## WORK INSTRUCTION
Give the entries again exactly, without pictures.

## DATA FOR PROCESSING
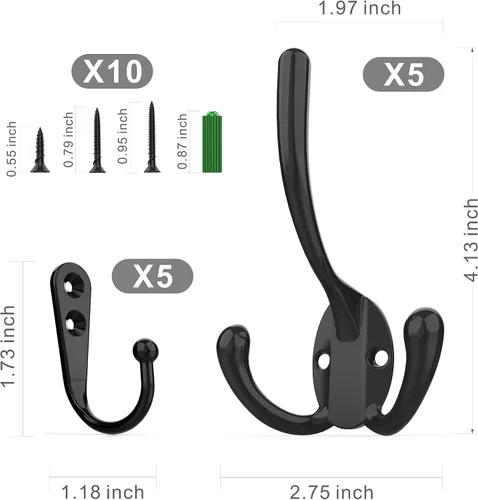 Vista 7 de ZAYBOD Paquete de 10 Ganchos Negros de Servicio Pesado Montados en la Pared con 30 Tornillos - Vestíbulo, Mochila, Bata, Ganchos para Sombreros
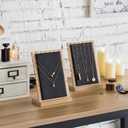 MyGift Modern Bamboo Necklace Jewelry Tabletop Display Boards, Set of 2,Black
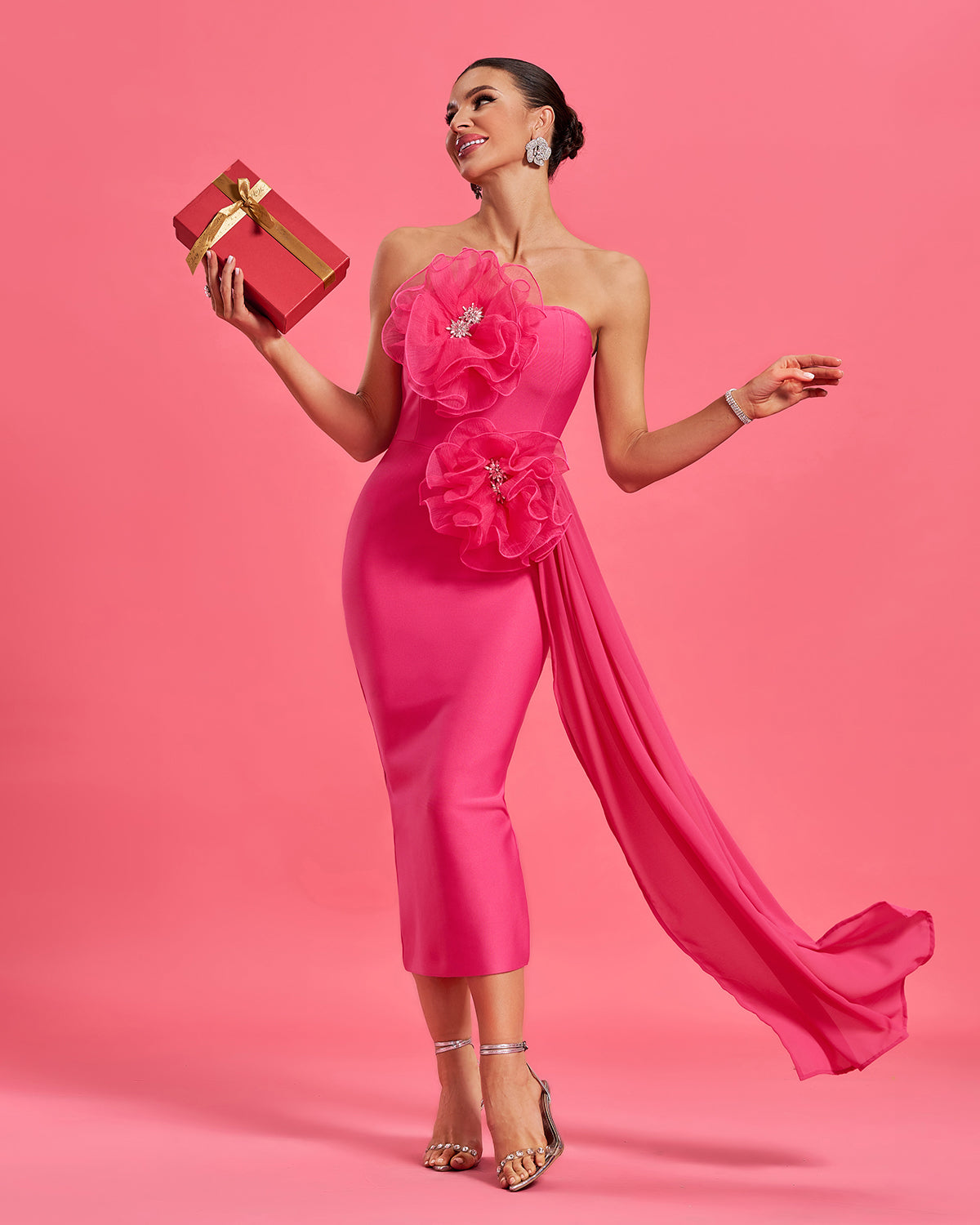 Huge Flowers Draped Bandage Midi Dress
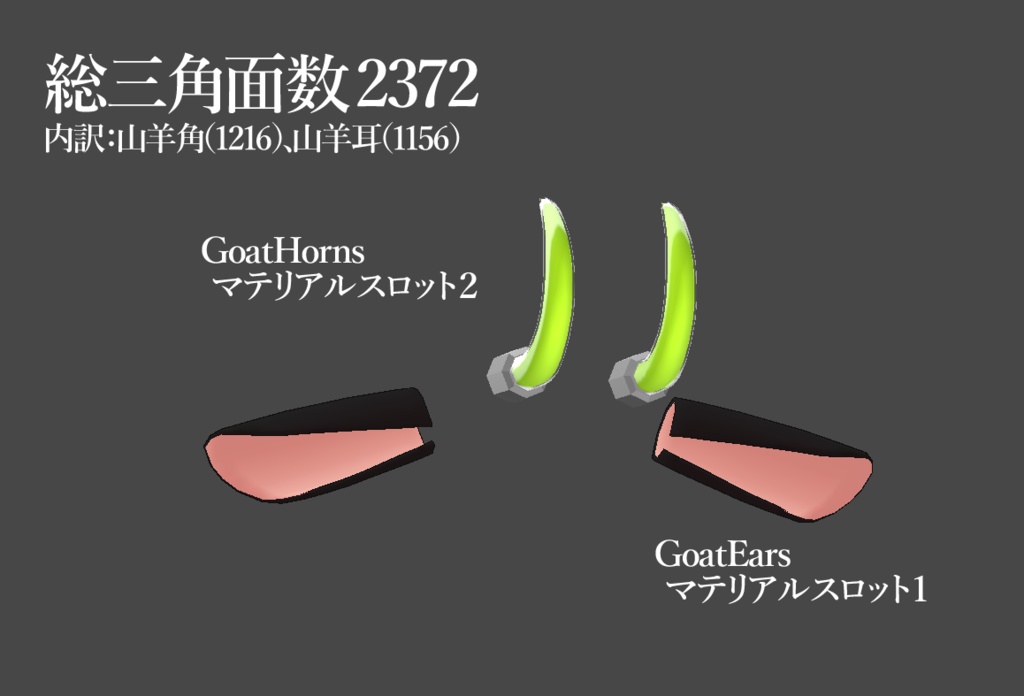 【MA対応】サイバーパンク山羊角&山羊耳(VRC想定)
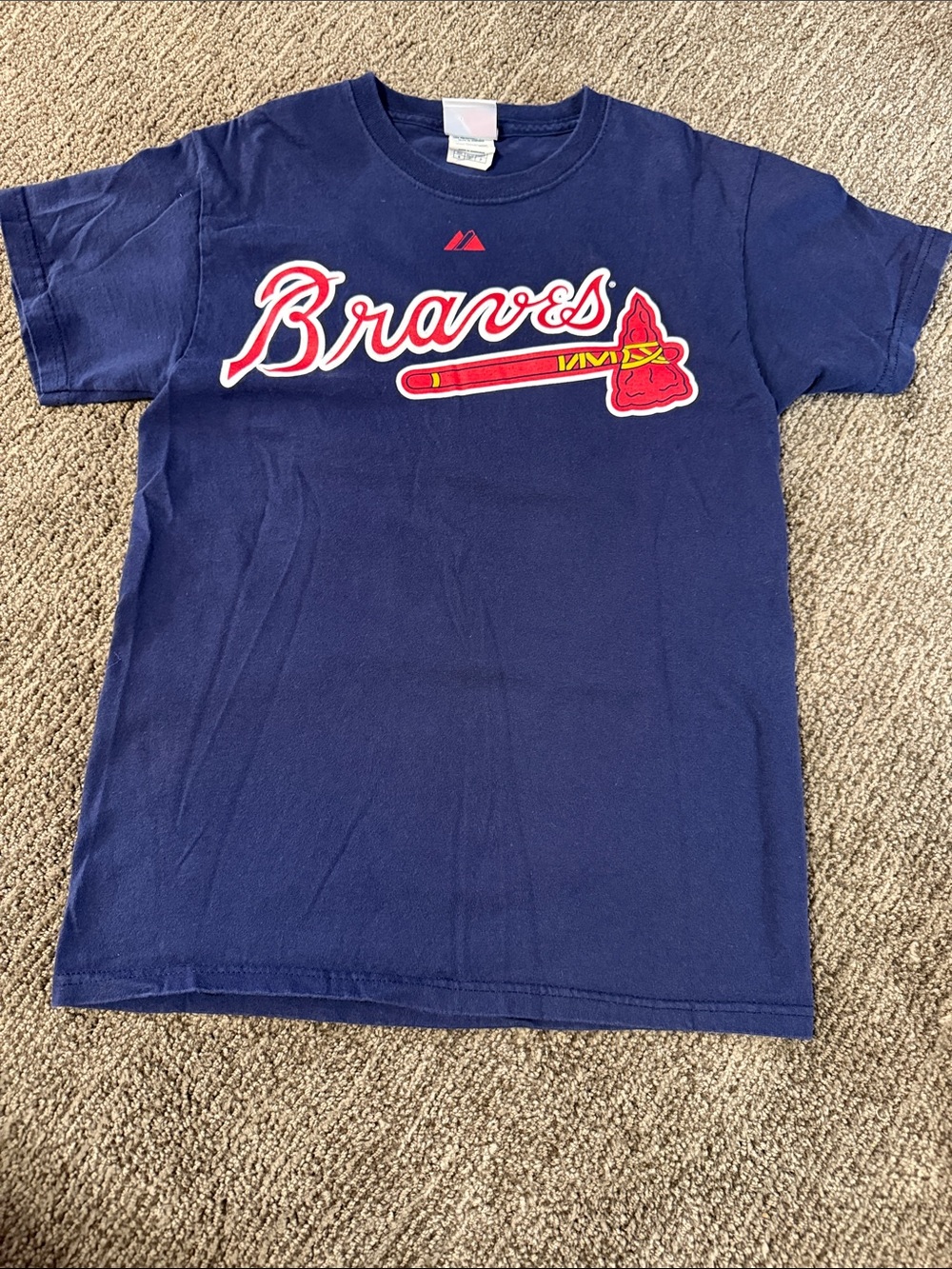 Majestic Navy Braves Short-Sleeve Tee with Red and White Logo # 10 Jones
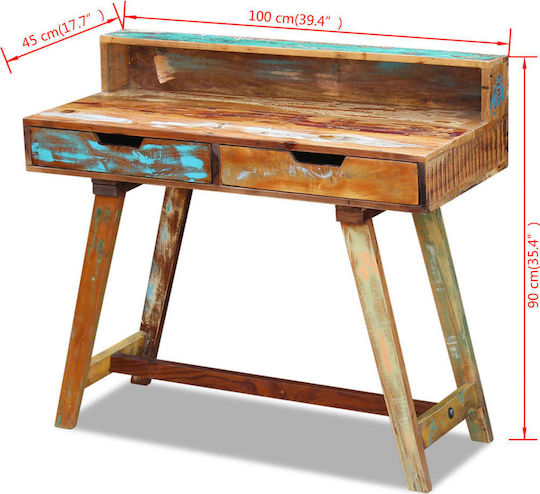 Бюро от Масивно дърво Многоцветно 100x45x90см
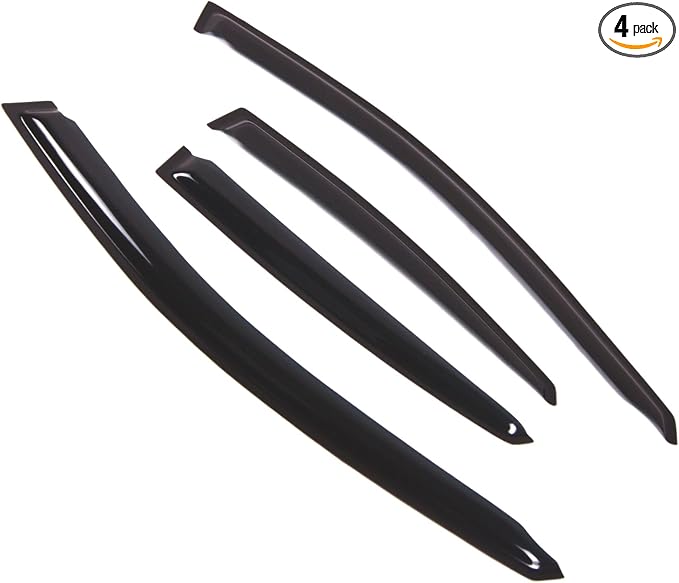 Outside Mount Window Vent Visors Rain Guards Compatible with Suzuki Forenza 2004-2008 | Side Window Wind Deflectors Rain Shields | Smoke Tinted, 4 Pcs Set, DGWV-397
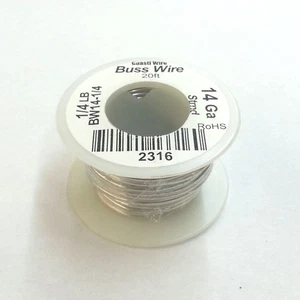 Cable bus de cobre estañado calibre 14 BW14-1/4,, rollo de 1/4 libra (20' aprox.) 14 AWG - Imagen 1 de 1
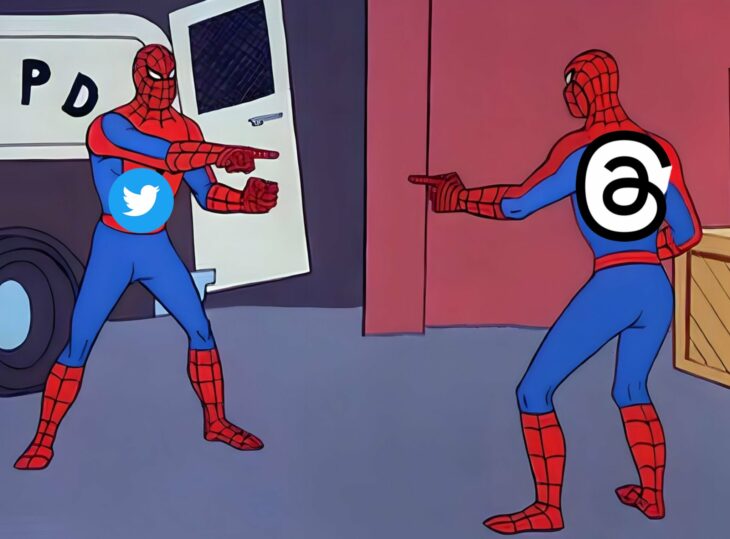 meme de dos spiderman con los logos de las app de Twitter y Threads 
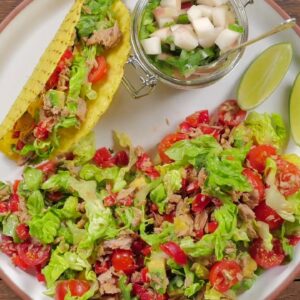 Spicy Tuna Taco Salad with Peach Salsa – Perfect Lunch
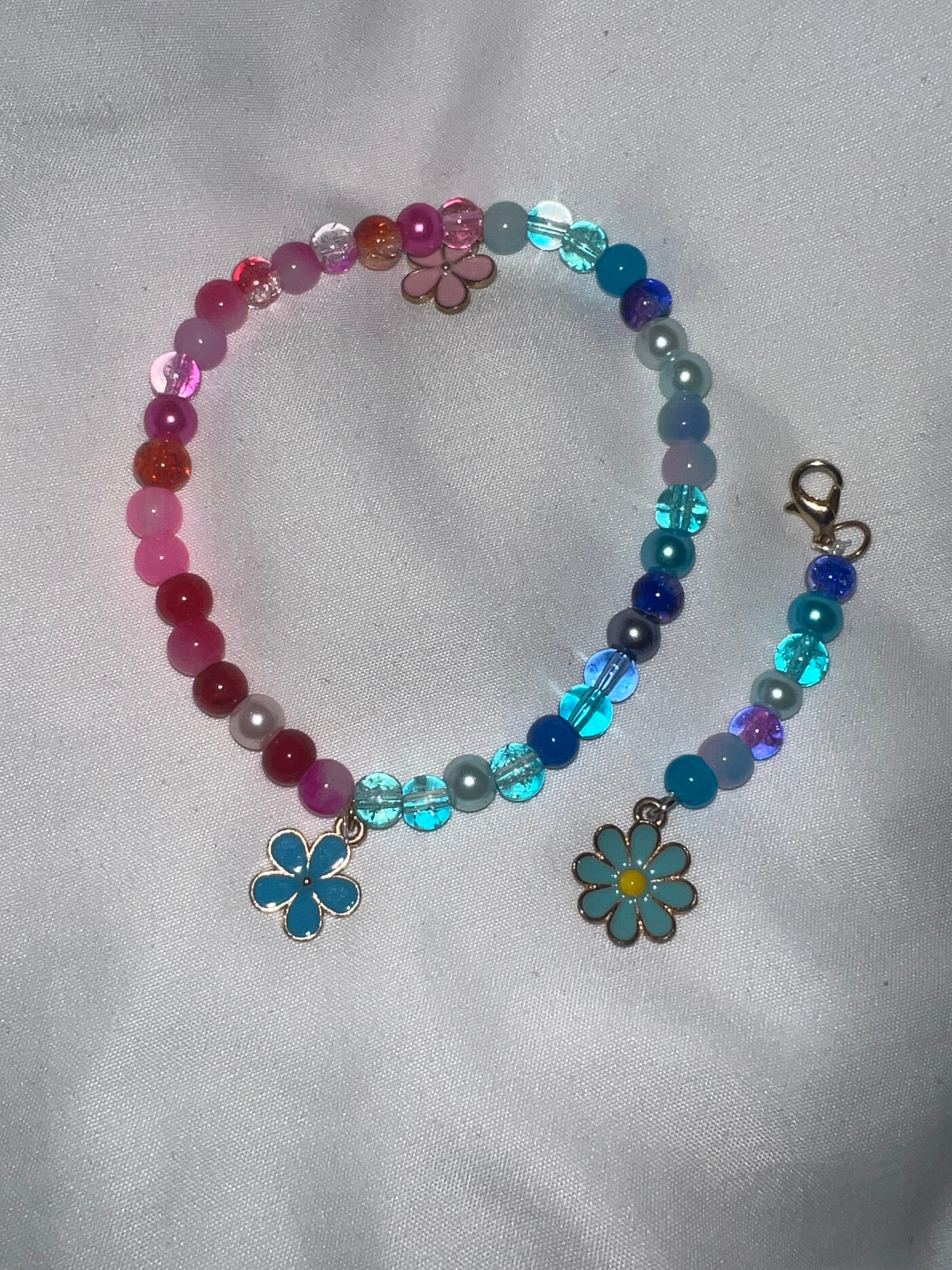 Blue and pink glass flower bracelet, and keychain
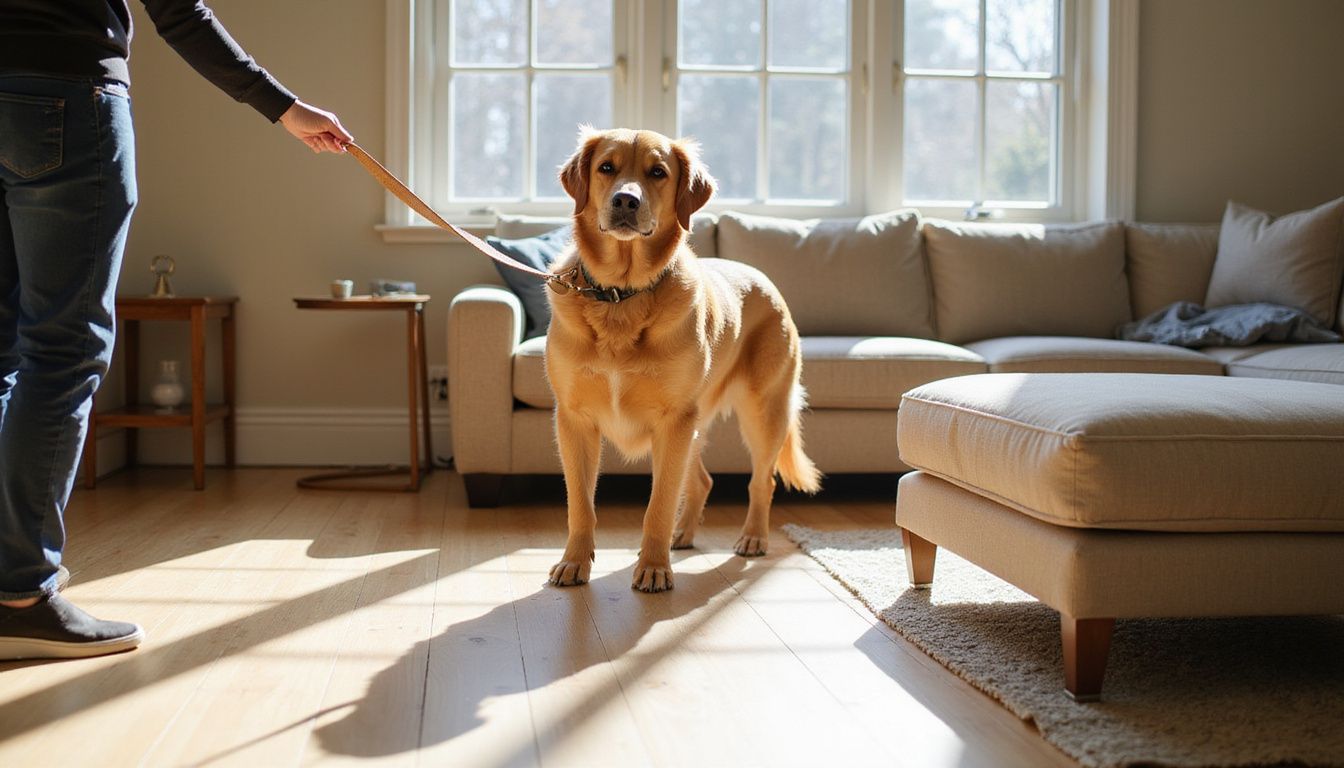 A golden retriever stands calmly on a hardwood floor, attentively focused on a nearby ottoman while being leashed.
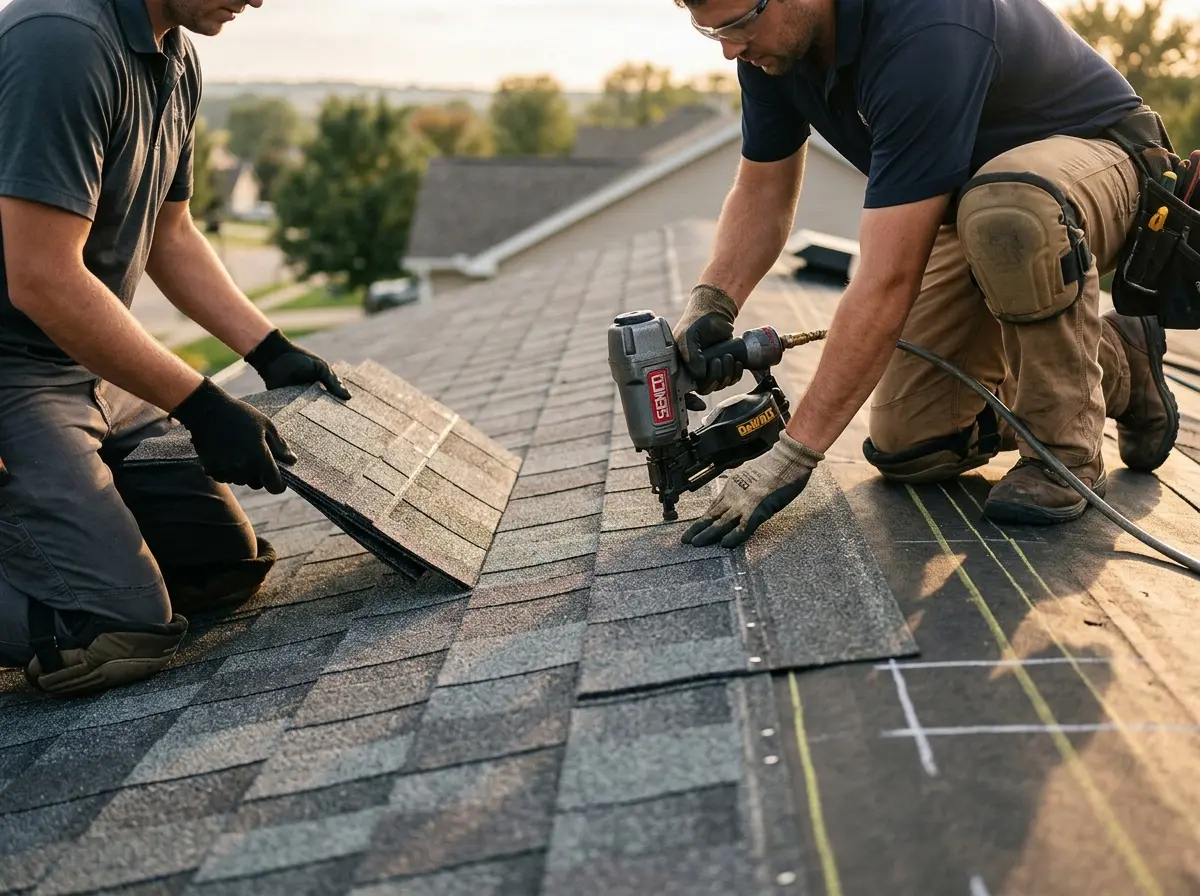 Professional roofer working on a residential roof in Bargersville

## YOUR SOLUTION
 Vista 7 de ZAYBOD Paquete de 10 Ganchos Negros de Servicio Pesado Montados en la Pared con 30 Tornillos - Vestíbulo, Mochila, Bata, Ganchos para Sombreros
 MyGift Modern Bamboo Necklace Jewelry Tabletop Display Boards, Set of 2,Black
 Huge Flowers Draped Bandage Midi Dress
 【MA対応】サイバーパンク山羊角&山羊耳(VRC想定)
 Majestic Navy Braves Short-Sleeve Tee with Red and White Logo # 10 Jones
 Бюро от Масивно дърво Многоцветно 100x45x90см
 Outside Mount Window Vent Visors Rain Guards Compatible with Suzuki Forenza 2004-2008 | Side Window Wind Deflectors Rain Shields | Smoke Tinted, 4 Pcs Set, DGWV-397
 Cable bus de cobre estañado calibre 14 BW14-1/4,, rollo de 1/4 libra (20' aprox.) 14 AWG - Imagen 1 de 1
 meme de dos spiderman con los logos de las app de Twitter y Threads 
 Spicy Tuna Taco Salad with Peach Salsa – Perfect Lunch
 Blue and pink glass flower bracelet, and keychain
 A golden retriever stands calmly on a hardwood floor, attentively focused on a nearby ottoman while being leashed.
 Professional roofer working on a residential roof in Bargersville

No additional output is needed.